:: Problem details ::
Output the listing below exactly, minus its images.

Exercise data START

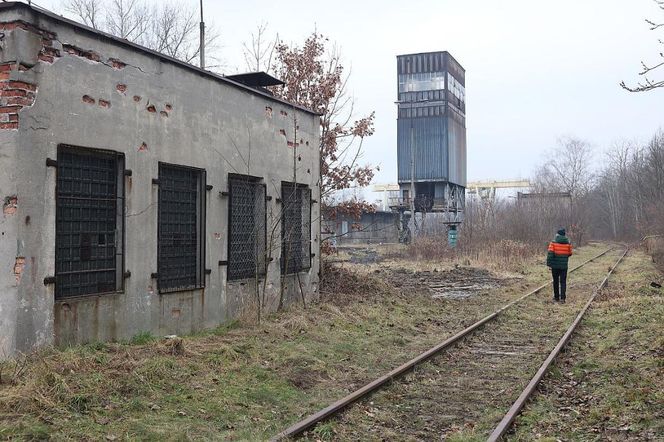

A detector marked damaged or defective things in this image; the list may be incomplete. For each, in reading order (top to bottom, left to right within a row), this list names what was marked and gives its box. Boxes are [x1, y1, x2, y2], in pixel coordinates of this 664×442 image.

rusty railway track [270, 247, 624, 440]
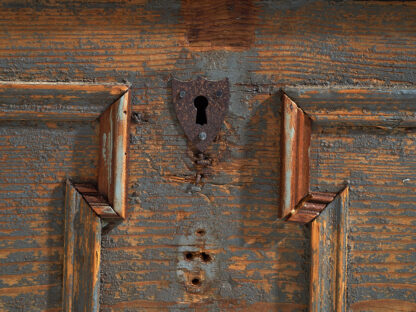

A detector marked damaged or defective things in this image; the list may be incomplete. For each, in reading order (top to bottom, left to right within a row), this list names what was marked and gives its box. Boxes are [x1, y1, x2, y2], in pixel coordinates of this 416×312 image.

rusted metal plate [97, 91, 130, 219]
rusted metal plate [172, 77, 231, 152]
rusted metal plate [282, 94, 310, 218]
rusted metal plate [63, 180, 102, 312]
rusted metal plate [310, 186, 350, 310]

Exercise data END

:: Result of this exercise ::
A detector marked damaged or defective things in this image; the list may be incomplete. For each, in reading order (top to bottom, left to right within a row), this list names what was marked and gives its box. Boxes are [x1, y1, x2, y2], in pixel coordinates of this 664×442 image.

rusty railway track [270, 247, 624, 440]

A detector marked damaged or defective things in this image; the list may be incomplete. For each, in reading order (top to bottom, left to right within a row), this list names what was marked and gives its box. Boxes are [x1, y1, x2, y2], in pixel coordinates of this 416×312 image.

rusted metal plate [97, 91, 130, 219]
rusted metal plate [172, 77, 231, 152]
rusted metal plate [282, 94, 310, 218]
rusted metal plate [63, 180, 102, 312]
rusted metal plate [310, 186, 350, 310]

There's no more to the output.